* _Source material_:
==========

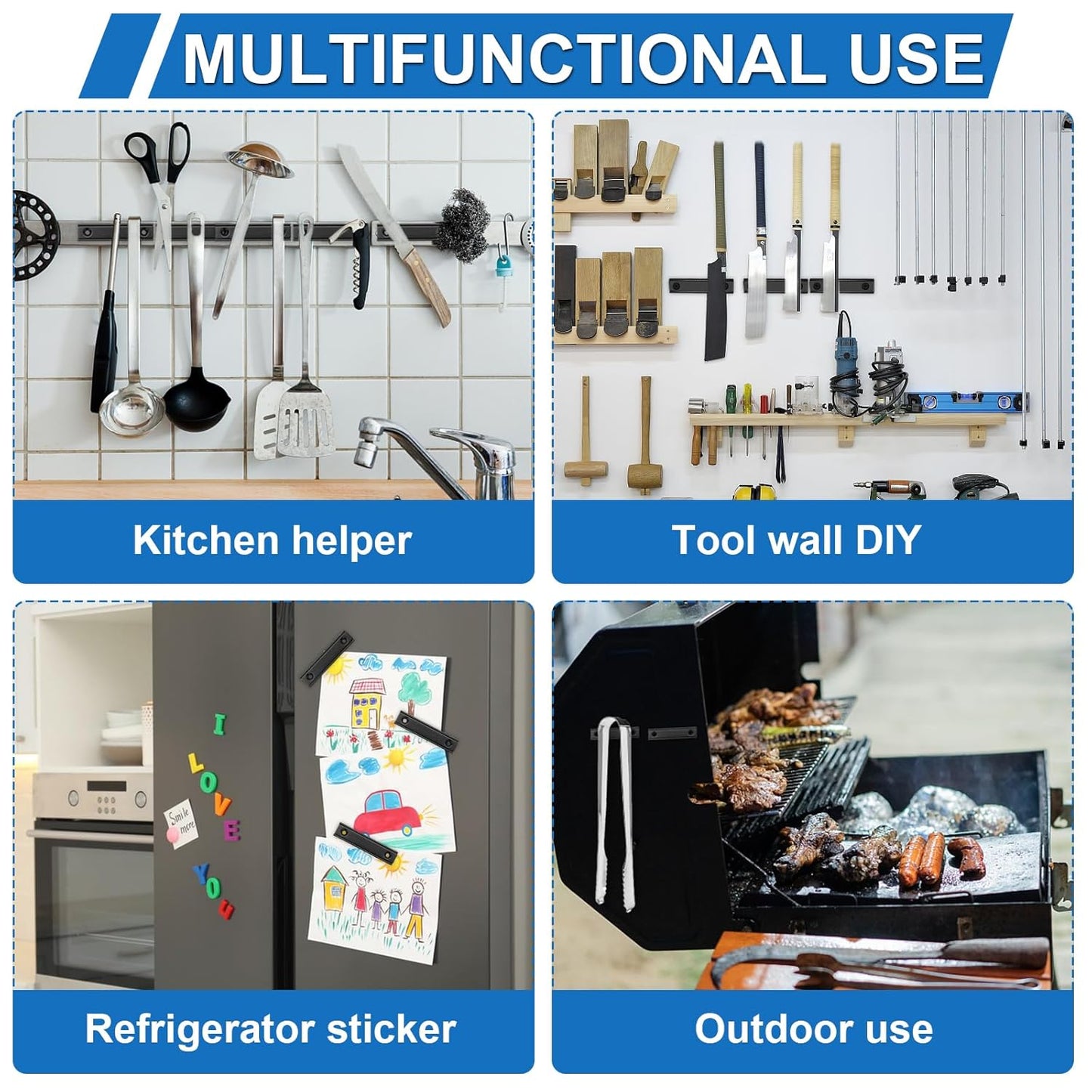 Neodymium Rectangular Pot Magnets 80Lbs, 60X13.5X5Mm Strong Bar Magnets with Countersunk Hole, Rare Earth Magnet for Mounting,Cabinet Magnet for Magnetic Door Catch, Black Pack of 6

==========

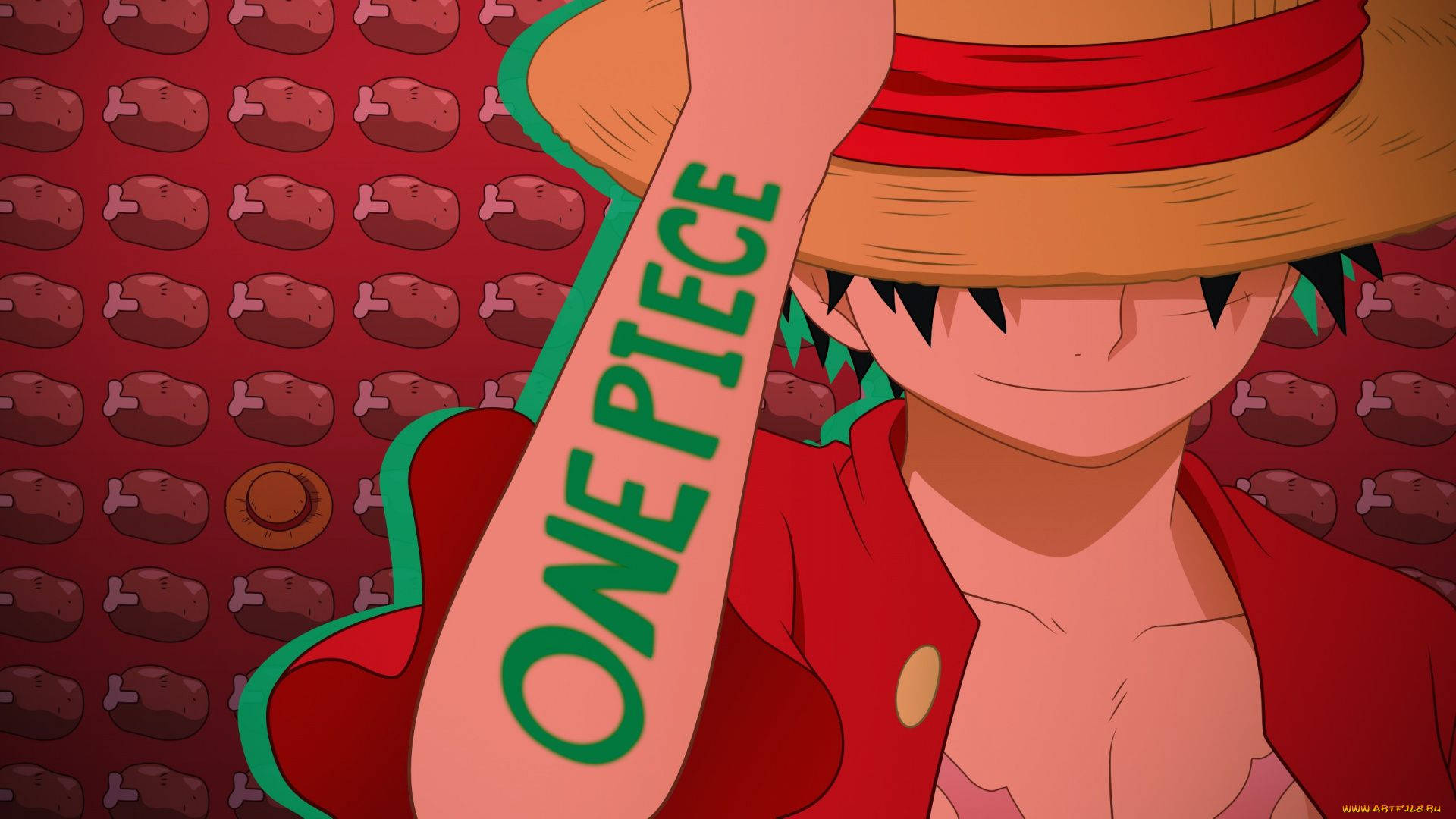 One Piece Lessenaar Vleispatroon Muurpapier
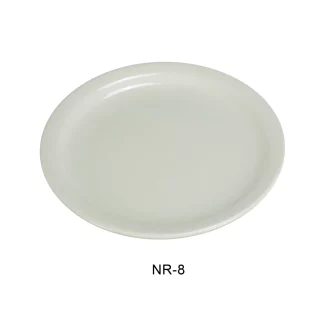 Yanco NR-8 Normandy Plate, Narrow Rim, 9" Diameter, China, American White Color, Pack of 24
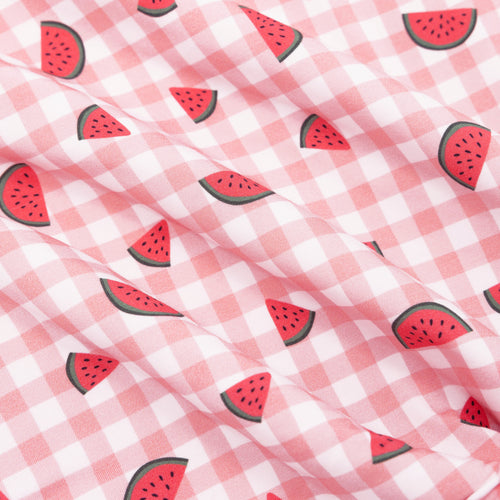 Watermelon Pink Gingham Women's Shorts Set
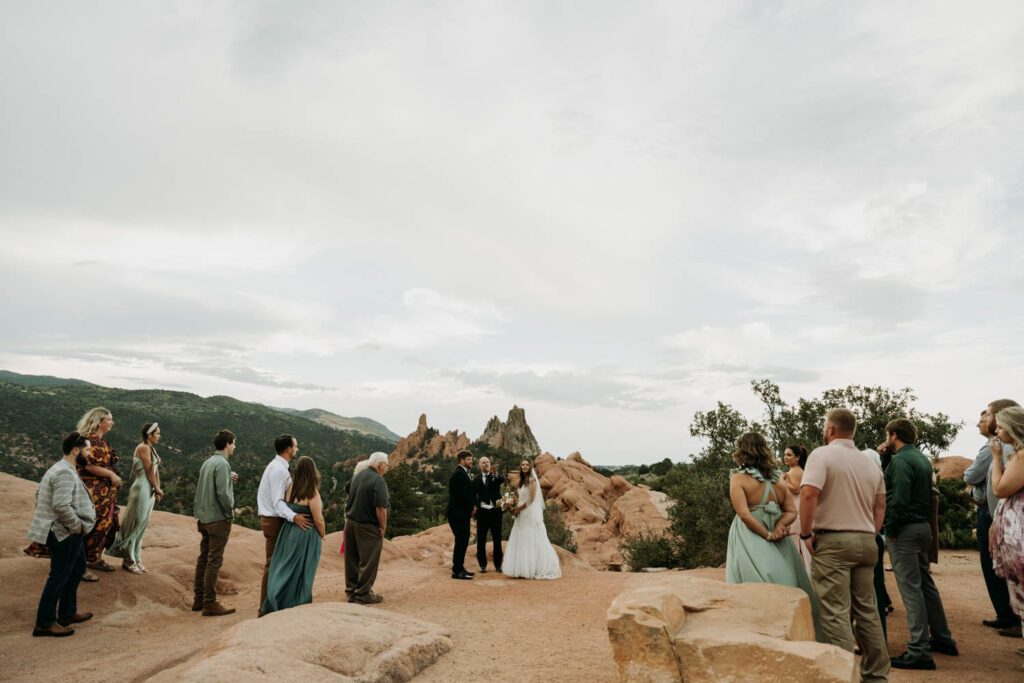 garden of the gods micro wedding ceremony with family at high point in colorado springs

==========

* _Your objective_: Give back the exact lines above, running from the one that has "One Piece Lessenaar Vleispatroon Muurpapier" through the one that has "garden of the", with nothing added and no pictures.

* _Exercise result_:
 One Piece Lessenaar Vleispatroon Muurpapier
 Yanco NR-8 Normandy Plate, Narrow Rim, 9" Diameter, China, American White Color, Pack of 24
 Watermelon Pink Gingham Women's Shorts Set
 garden of the gods micro wedding ceremony with family at high point in colorado springs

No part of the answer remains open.